The doctrine, accepted in the US, would allow for the re-ranking of creditors’ claims where higher-priority creditors engage in inequitable conduct. It’s an important decision for secured creditors generally and for insolvency proceedings for subsidiaries who are in debt to their parents.
But David Bish of Torys LLP in Toronto says equitable subordination may still be available in certain circumstances. He notes, for example, that the OCA focused on the fact that equitable subordination arose here in the context of an inter-creditor dispute.
“The key question for the court was whether applying the doctrine furthered the purposes of the CCAA, which are aimed at assisting debtors in their restructuring,” he says. “Here the fight was among creditors, but what if the debtor had been asking for the court to apply the doctrine?”

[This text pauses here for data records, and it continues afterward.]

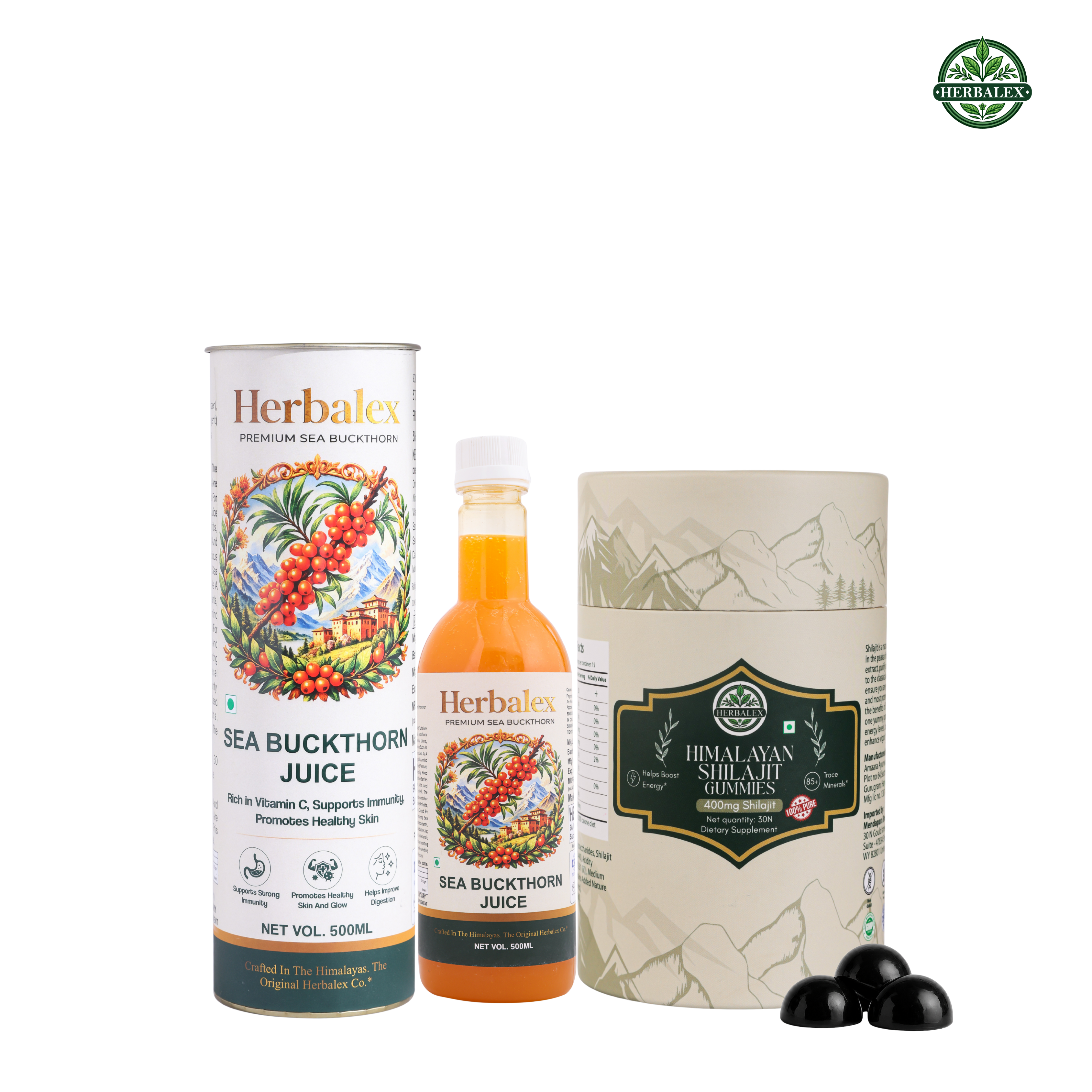 Premium Sea Buckthorn Gummies | Daily Health Supplement
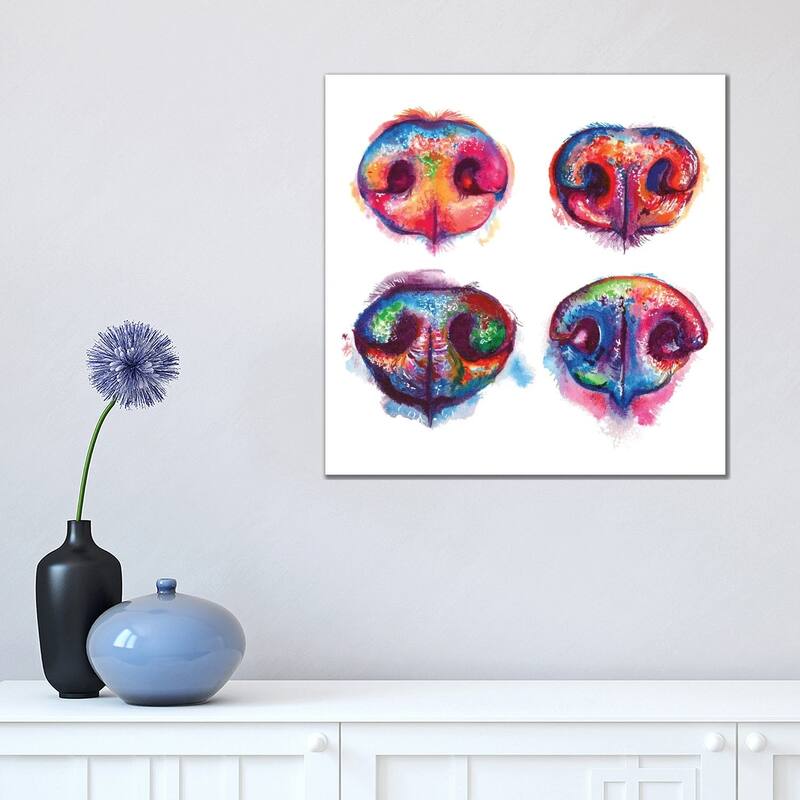 iCanvas "Boop" by Weekday Best Canvas Print - 18x18x1.5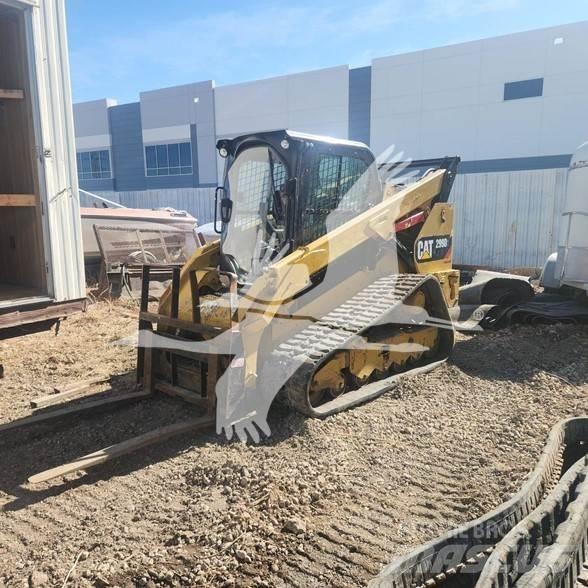 CAT 299D2 Skid steer loaders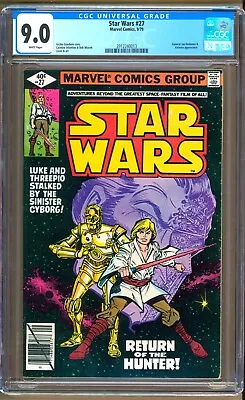 Buy Star Wars #27 (1979) CGC 9.0 WP  Goodwin - Infantino - Wiacek   Valance   • 36.95£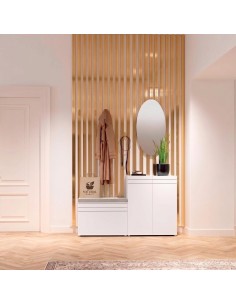 Palillería decorativa dorada para dar luz a tu salón 2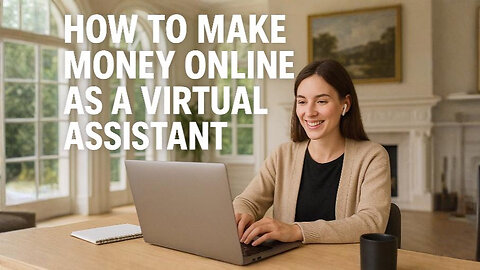 How to make money online as a virtual assistant 🪙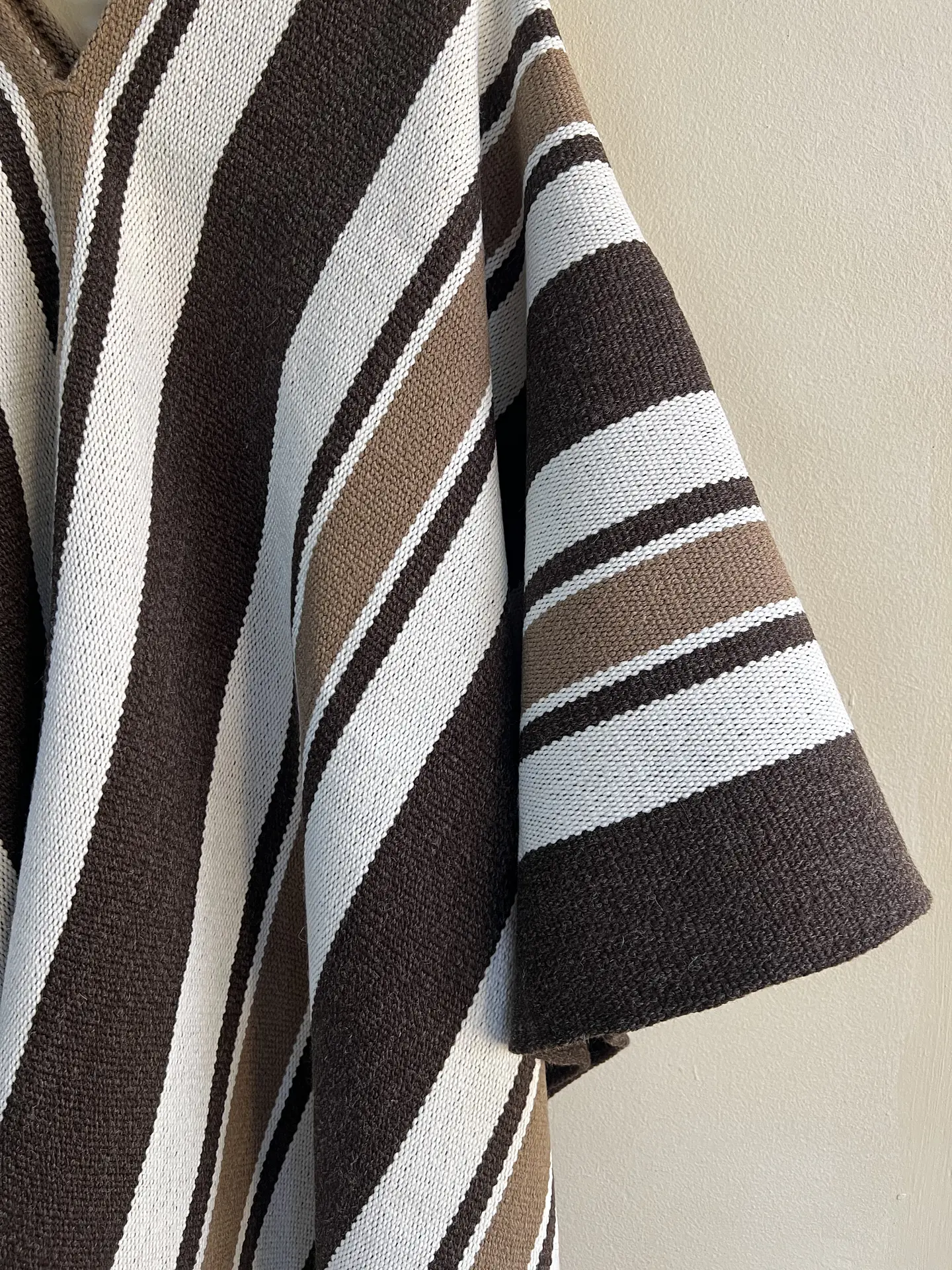 Poncho Golden Premium Tradicional Café con Leche 3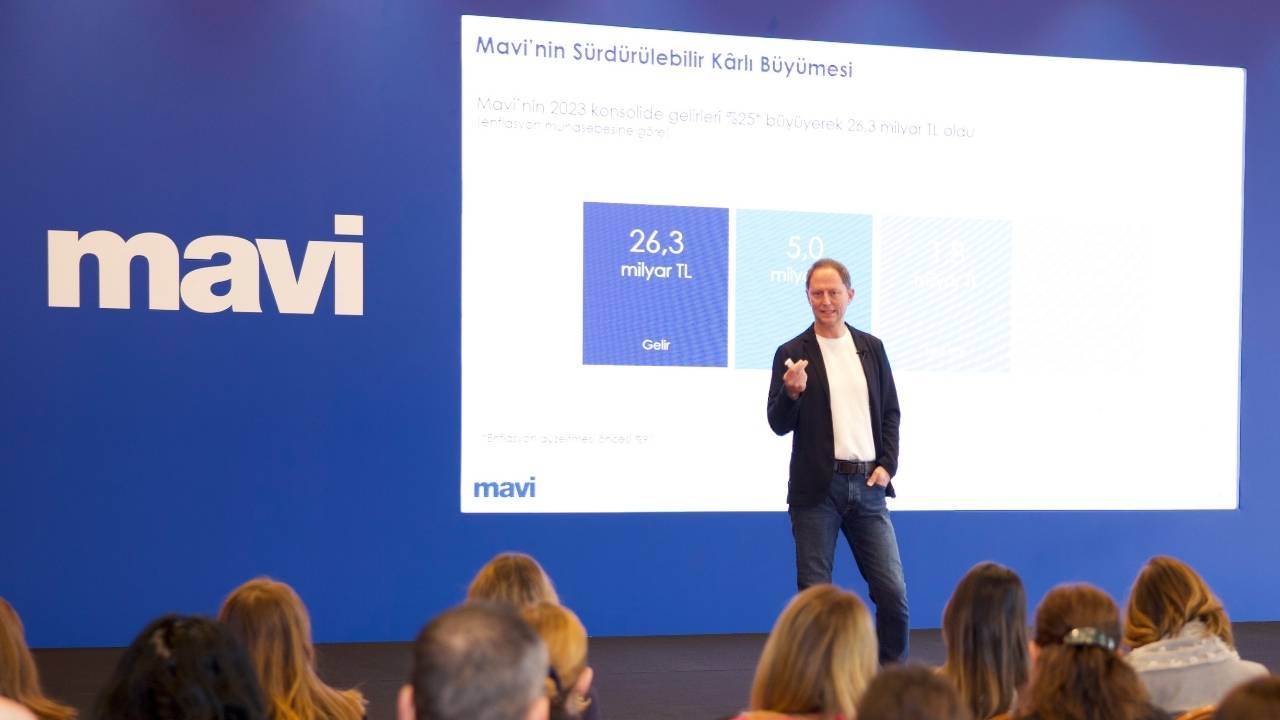 Mavi CEO’su Cüneyt Yavuz, Türkiye’de ve Kuzey Amerika ülkelerinde milyar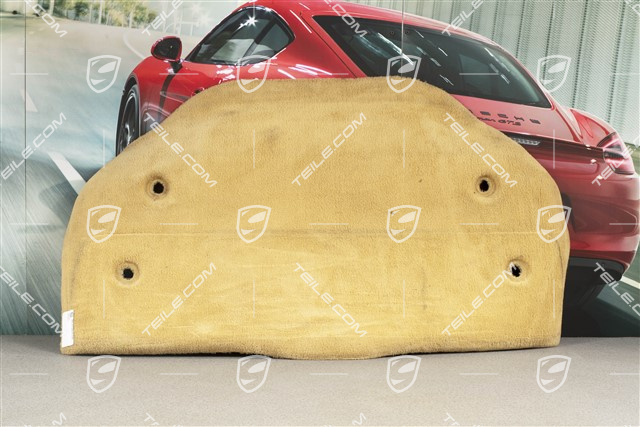 Tapicerka dolna tylnego bagażnika, Savannah beige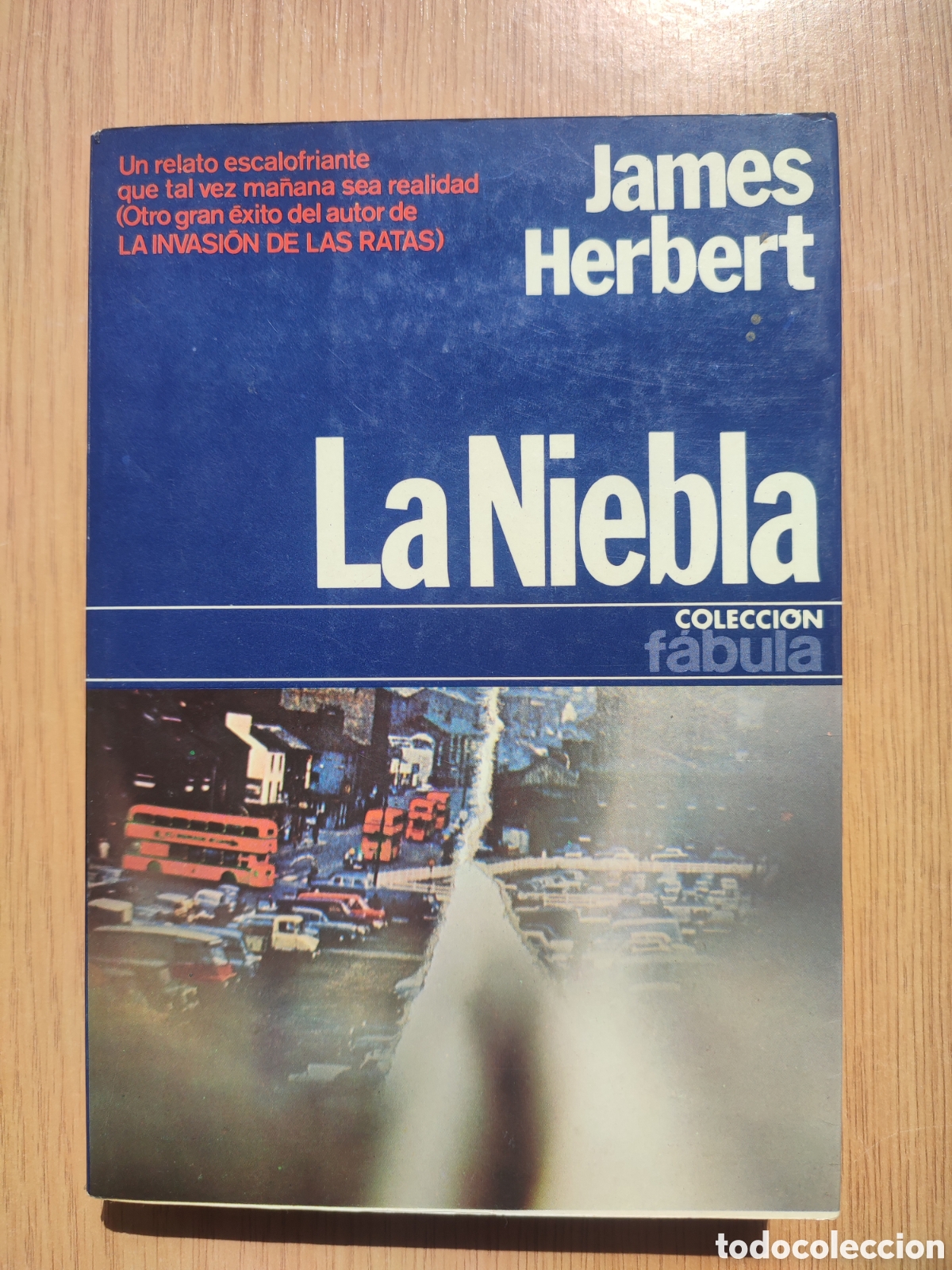 Libros de segunda mano: La Niebla. James Herbert.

US Steel Canada (USSC), formerly known as Stelco, was the Canadian subsidiary of US Steel. After the Ontario Superior Court granted creditor protection in 2014, the parent company, USS, filed a $2.2-billion claim against its subsidiary. Several parties objected to these claims, including a group of former unionized employees, represented by Andrew Hatnay and a team from Koskie Minsky LLP.
Among other things, the employees based their case on allegations of oppression and breach of fiduciary duty regarding USS’s conduct in relation to the Canadian operations and pensioners. They alleged that USS caused USSC to underperform, leading it to incur significant debt and defaulting on its pension obligations.
The employees sought an order subordinating the USS claims to their own.
The CCAA judge refused to apply the doctrine, reasoning that the CCAA and its legislative history restricted its application. The OCA upheld that ruling, but on different grounds.
Indeed, the OCA specifically disagreed that the CCAA restricted the application of equitable subordination.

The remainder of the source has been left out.